Engineering

March 8, 2026 · 6 min read

The Spine Is Live

We stopped talking about provable governance and started running it. A field report from the day the full chain closed.

By AmplefAI

The day started with drift.

Nexus — our control plane agent — couldn't find his own workspace. Paths in the bootstrap were wrong. A core identity file pointed to a directory that had moved weeks earlier. Parts of the fleet inventory were stale. The system still functioned, but the operating environment around it had started to rot.

This is what happens when you let an autonomous environment accumulate too much memory, too many responsibilities, and too little cleanup. It keeps going for longer than it should. And then, one day, you realise you're no longer building on top of a clean foundation.

So I stopped building and started cleaning.

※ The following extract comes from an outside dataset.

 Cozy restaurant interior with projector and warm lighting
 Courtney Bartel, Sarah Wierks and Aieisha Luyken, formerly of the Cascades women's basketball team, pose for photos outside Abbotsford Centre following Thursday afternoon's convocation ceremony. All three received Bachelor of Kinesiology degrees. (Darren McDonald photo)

By the end of the day, the full governed execution spine was proven end-to-end: real implementations, real cryptographic signing, real replay. Not a simulation. Not a mock. A governed action that passed through every layer of the stack and came out the other side with proof.

Here's how we got there.

What We Mean by "The Spine"

The governed execution spine is a chain of cryptographically linked steps. Each step produces a verifiable artifact. Each step fails closed — meaning if it fails, nothing downstream executes. There is no ungoverned fallback.

Capture Context

PCK

Hash

SHA-256

Persist

Store

Sign Token

GEI Ed25519

Execute

Adapter

Replay

Verify

Fail-closed at every step. No ungoverned execution fallback.

What each step proves:

Capture — what the agent knew at the moment of decision
Hash — a deterministic fingerprint of that knowledge state
Persist — the knowledge state is recorded before anything happens
Sign — the action is cryptographically bound to the knowledge state and policy
Execute — the action runs, accompanied by the signed token
Replay — the entire chain can be reconstructed after the fact

If you can replay the chain, you can answer three questions:

What did the agent know? What was it authorised to do? What did it actually do?

With proof, not inference.

What Actually Happened

Once the boot files were fixed and Nexus could orient cleanly again, I needed a coding surface that wouldn't pollute the control plane.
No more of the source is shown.